| What this task involves |
Only one stretch of lines is wanted: the line with "Multi Collagen Protein" through the final line of the material. Restate it word for word, minus pictures.

| Recorded data |
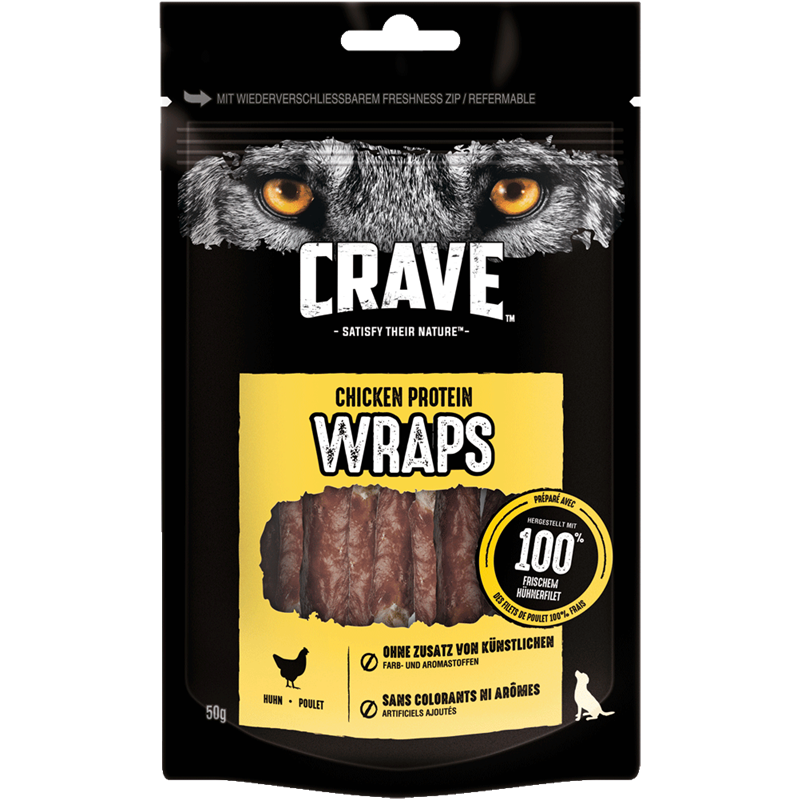 Crave Dog Snack Protein Wraps mit Huhn 50 g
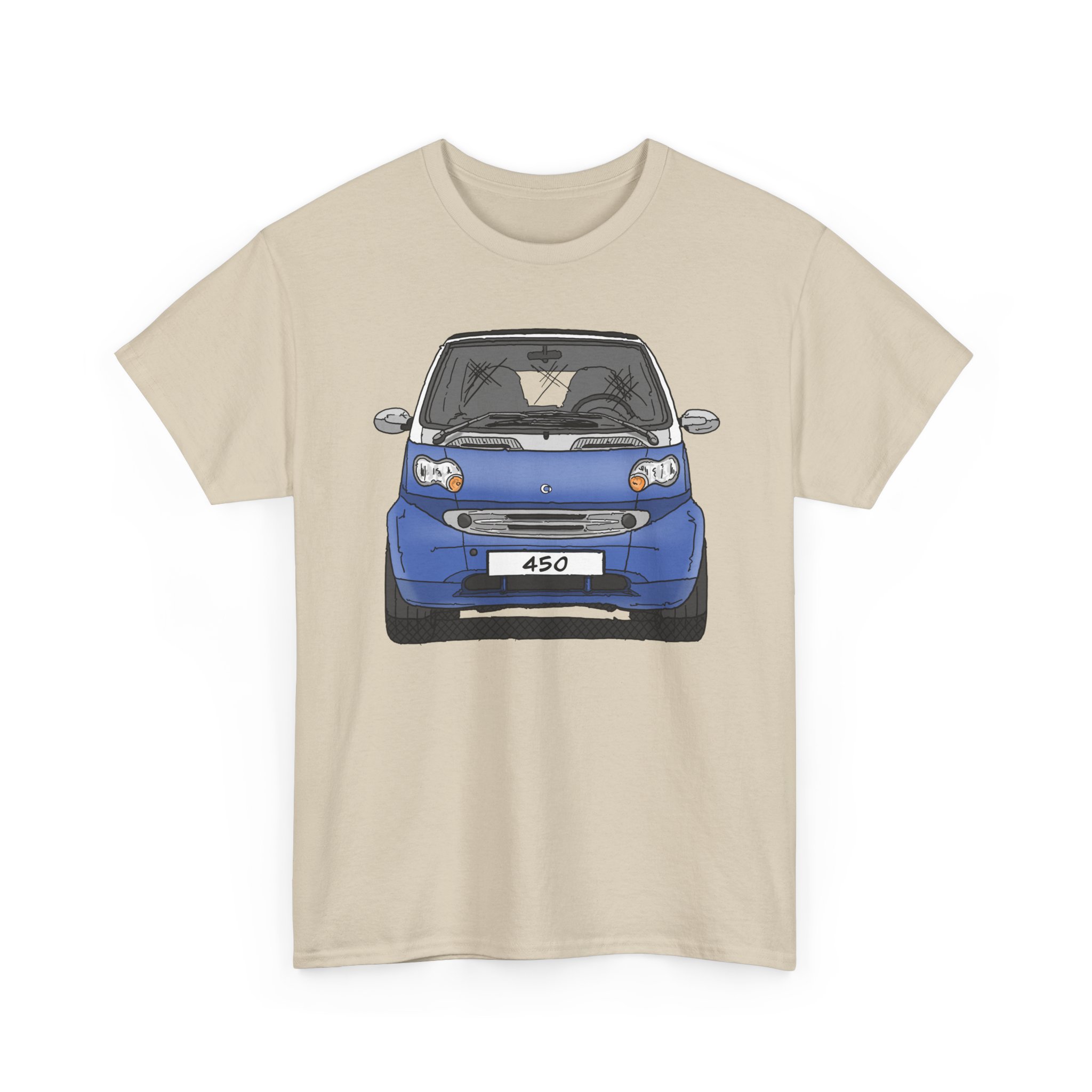 T-Shirt, Smart 450 FL, Strichzeichnung, Blau, eigenes Kennzeichen möglich – Bild 6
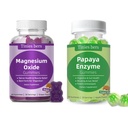 Tinies bers Papaya Enzyme Gummies ve Magnezyum Gummies, Digestive Health for Yetişkinler & Kids, Vegan, Sugar Free, Non-GMO, Pectin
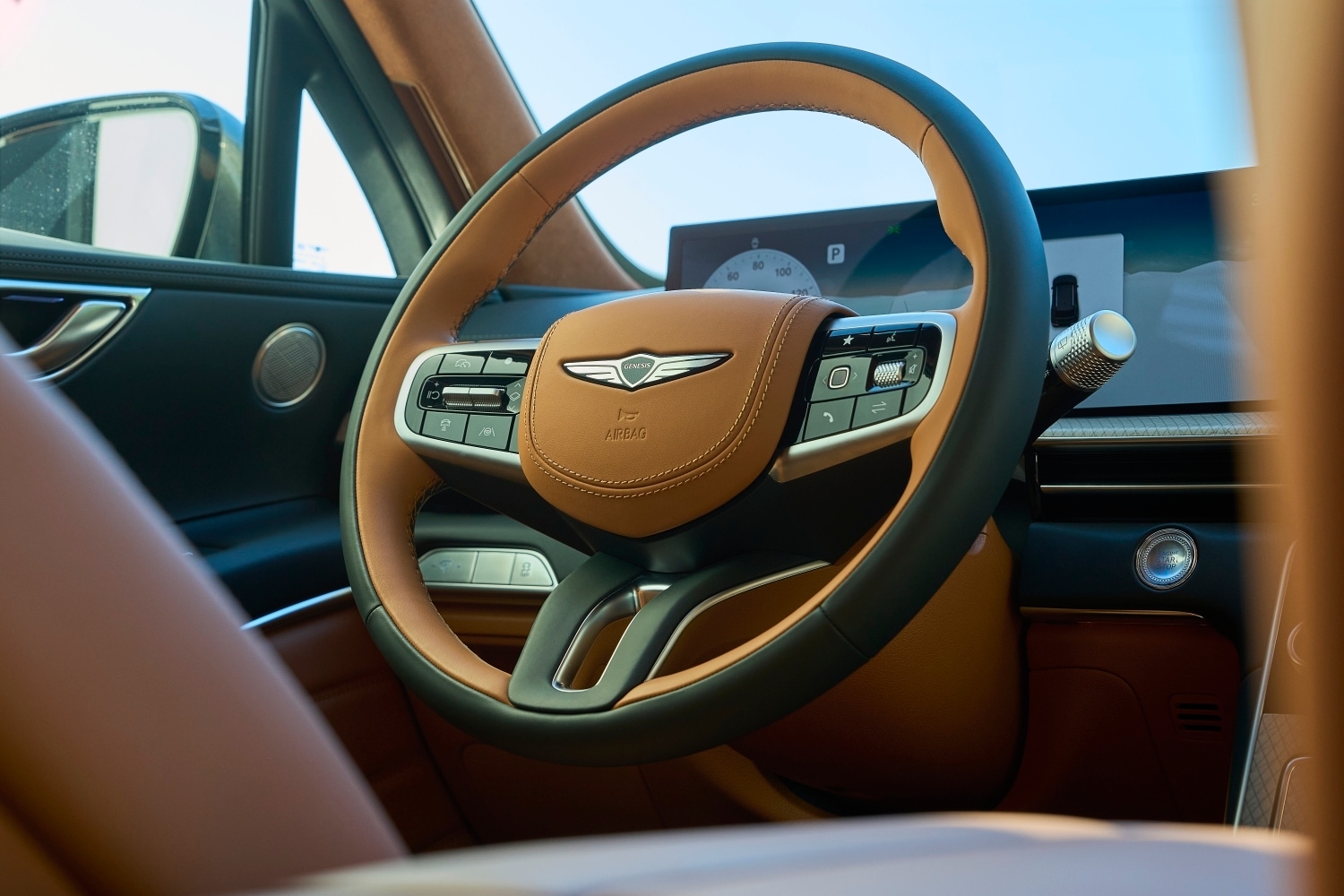 Steering wheel of a Genesis lease vehicle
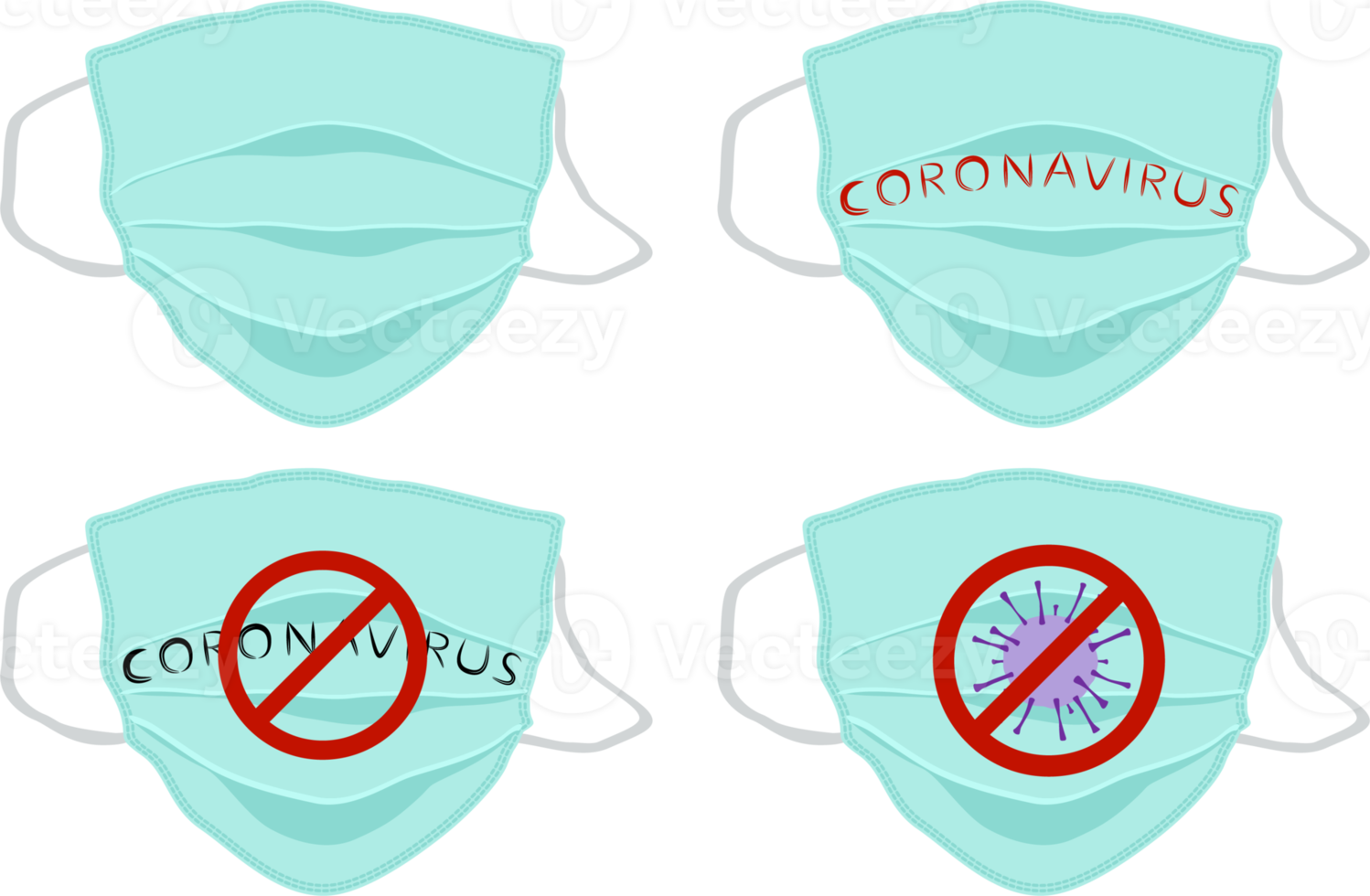 diverse maschere respiratorie per la prevenzione del coronavirus png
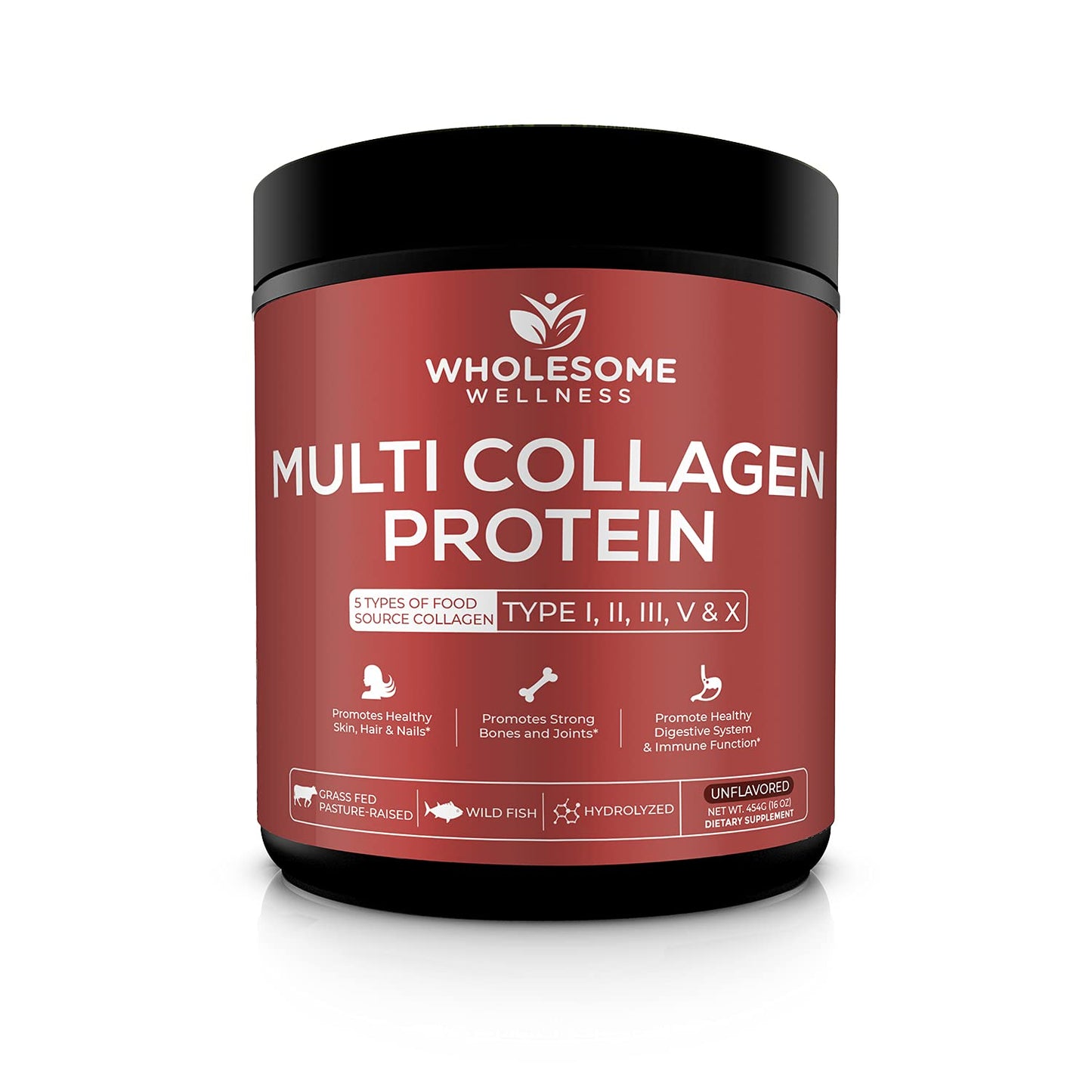 Multi Collagen Protein Powder Hydrolyzed (Type I II III V X) Grass-Fed All-in-One Super Wholesome WellnessUS supplements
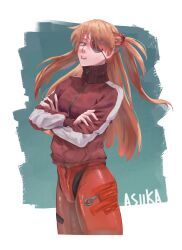Rule 34 | 1girl, absurdres, alternate eye color, artist request, ass, bodysuit, bodysuit under clothes, breasts, brown hair, cameltoe, character name, clenched teeth, crossed arms, evangelion: 3.0 you can (not) redo, green eyes, hair between eyes, highres, jacket, long hair, medium breasts, neon genesis evangelion, open mouth, plugsuit, rebuild of evangelion, red bodysuit, simple background, solo, souryuu asuka langley, standing, teeth, track jacket, twintails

| Task response |
 Multi Collagen Protein Powder Hydrolyzed (Type I II III V X) Grass-Fed All-in-One Super Wholesome WellnessUS supplements
Rule 34 | 1girl, absurdres, alternate eye color, artist request, ass, bodysuit, bodysuit under clothes, breasts, brown hair, cameltoe, character name, clenched teeth, crossed arms, evangelion: 3.0 you can (not) redo, green eyes, hair between eyes, highres, jacket, long hair, medium breasts, neon genesis evangelion, open mouth, plugsuit, rebuild of evangelion, red bodysuit, simple background, solo, souryuu asuka langley, standing, teeth, track jacket, twintails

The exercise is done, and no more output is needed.